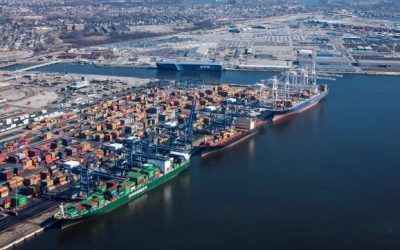 Baltimore Channel Reopens With Backlog Following Vessel Explosion
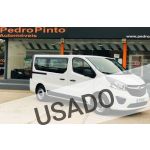OPEL Vivaro 1.6 CDTi L1H1 2.9T 2016 Gasóleo Pedro Pinto Automóveis - (5dc2c3da-c8b9-4251-98e0-d686c9d0f83a)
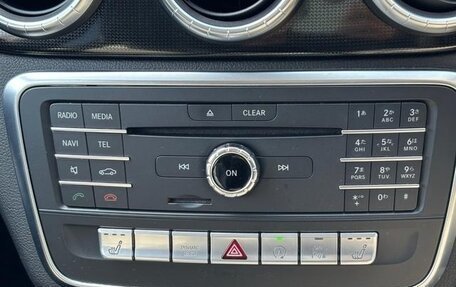 Mercedes-Benz CLA, 2018 год, 1 150 000 рублей, 12 фотография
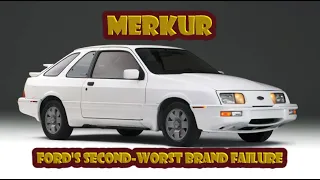 Here’s how Merkur became Ford’s second-worst brand failure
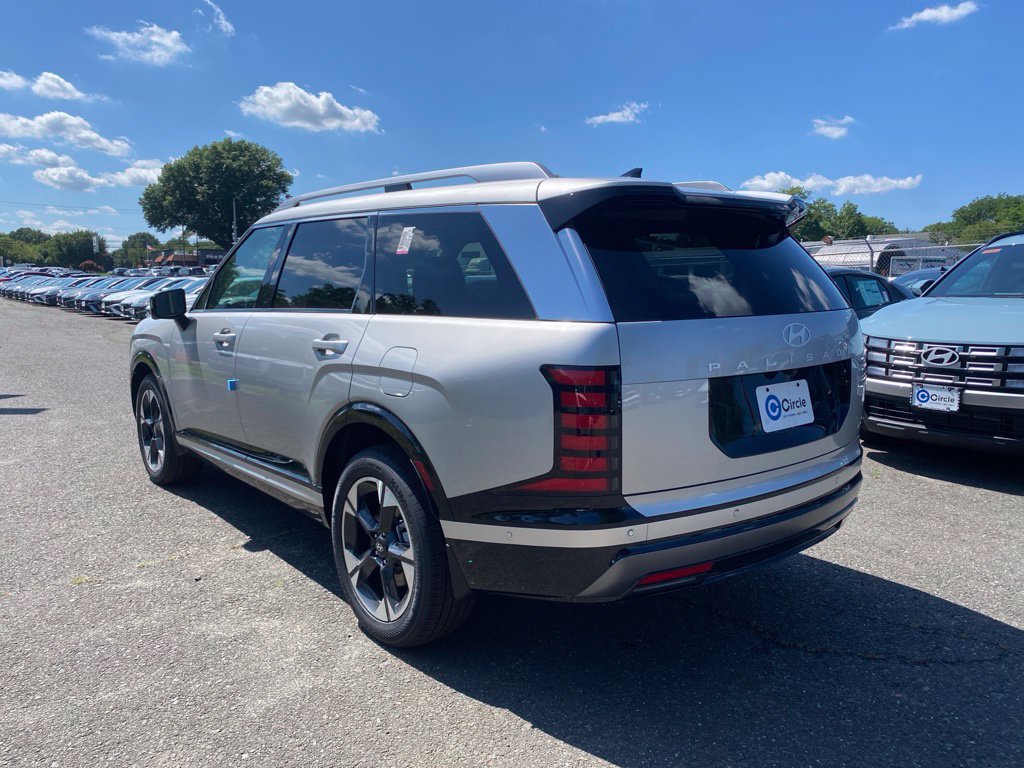 New 2026 Hyundai Palisade Limited AWD/4WD image 8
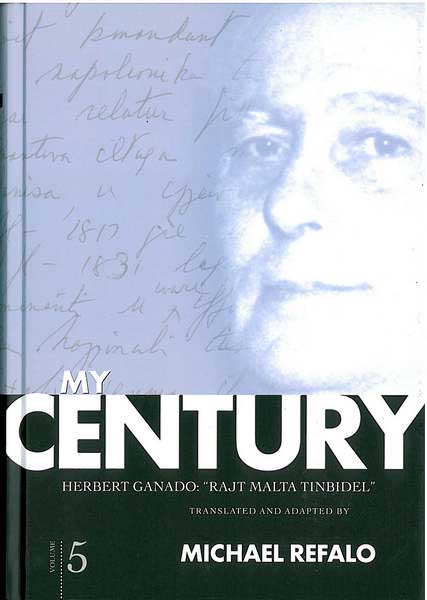 My Century vol. 5 - Agenda Bookshop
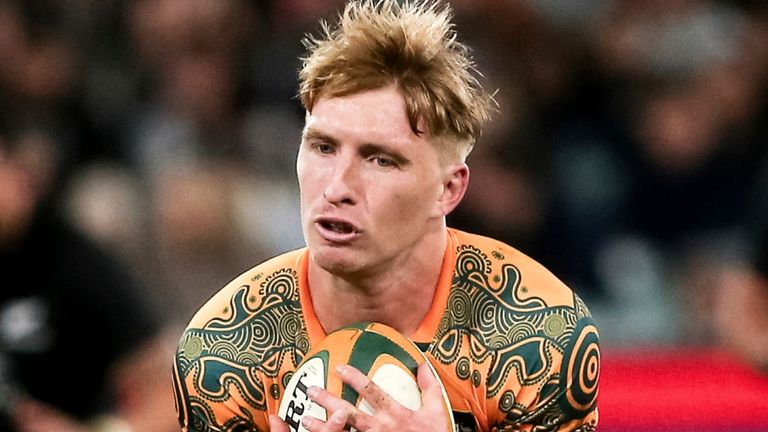 Tate McDermott will lead Australia out for the first time in the second Test against New Zealand on Saturday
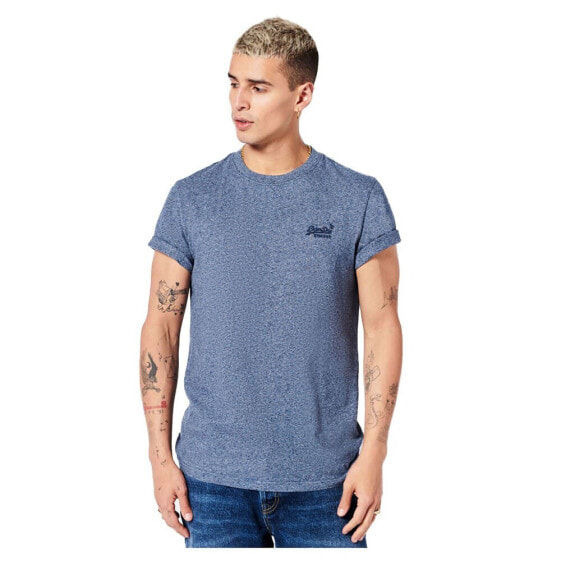 SUPERDRY Vintage Logo Embroidered short sleeve T-shirt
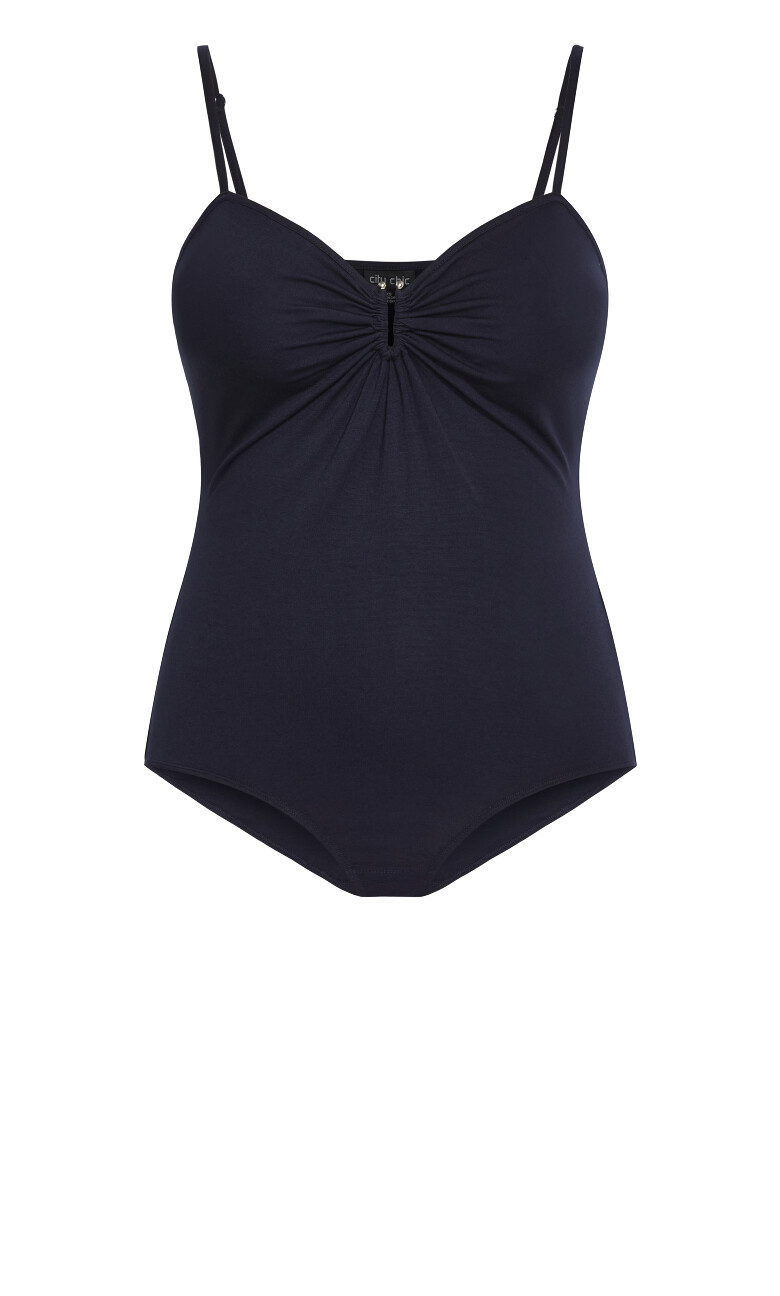 Izzy Bodysuit - navy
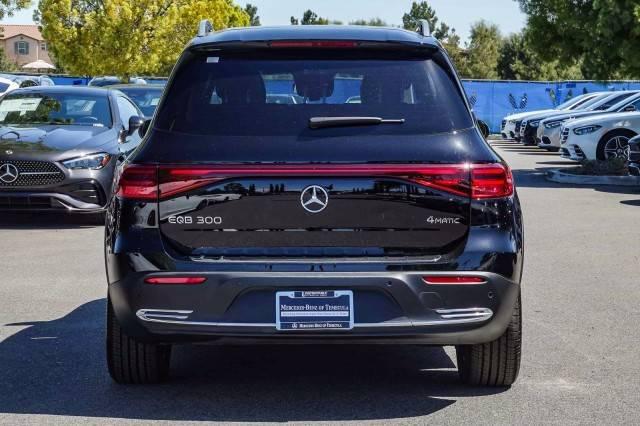 2024 Mercedes-Benz EQB 300 4MATIC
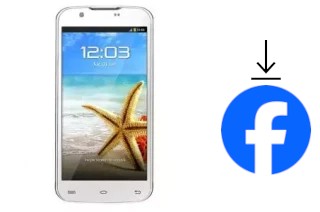 How to install Facebook on an Advan S5P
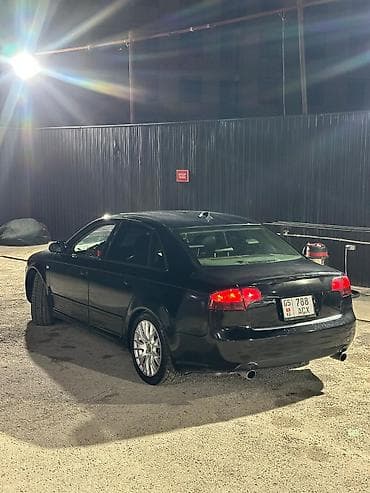 поворотник ауди: Audi A4: 2008 г., 2 л, Автомат, Бензин, Седан — 6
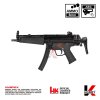 H&K MP5A5 (Steel Stamping) AEG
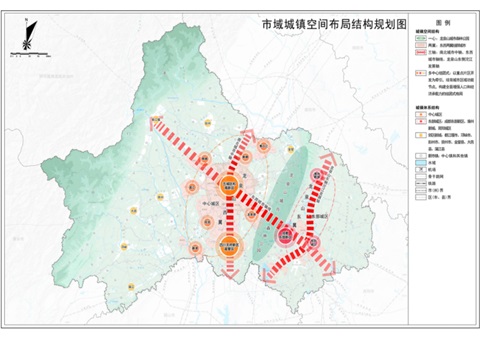 纵览历版成都总规，新版河山空间总规新在哪？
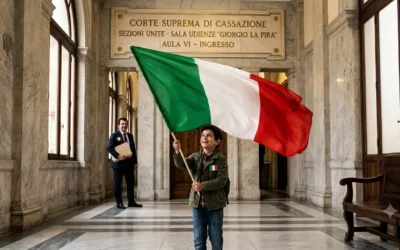 Italian Citizenship by Descent and the Minor Issue: The Cassazione Confirms Your Claim May Survive a Parent’s Naturalization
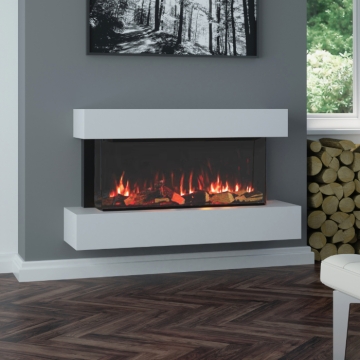 OER Alpine 47" Electric Fireplace Suite OER Alpine 47" Electric Fireplace Suite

• • •

• WHAT YOU ARE ASKED TO DO: Pictures excluded, copy the lines exactly from where the material starts to the line with "My Century vol. 5 - Agenda Bookshop", inclusive.

• THE ANSWER:
 Baltimore Channel Reopens With Backlog Following Vessel Explosion
OPEL Vivaro 1.6 CDTi L1H1 2.9T 2016 Gasóleo Pedro Pinto Automóveis - (5dc2c3da-c8b9-4251-98e0-d686c9d0f83a)
 Mercedes-Benz CLA, 2018 год, 1 150 000 рублей, 12 фотография
 Here’s how Merkur became Ford’s second-worst brand failure
 New 2026 Hyundai Palisade Limited AWD/4WD image 8
 My Century vol. 5 - Agenda Bookshop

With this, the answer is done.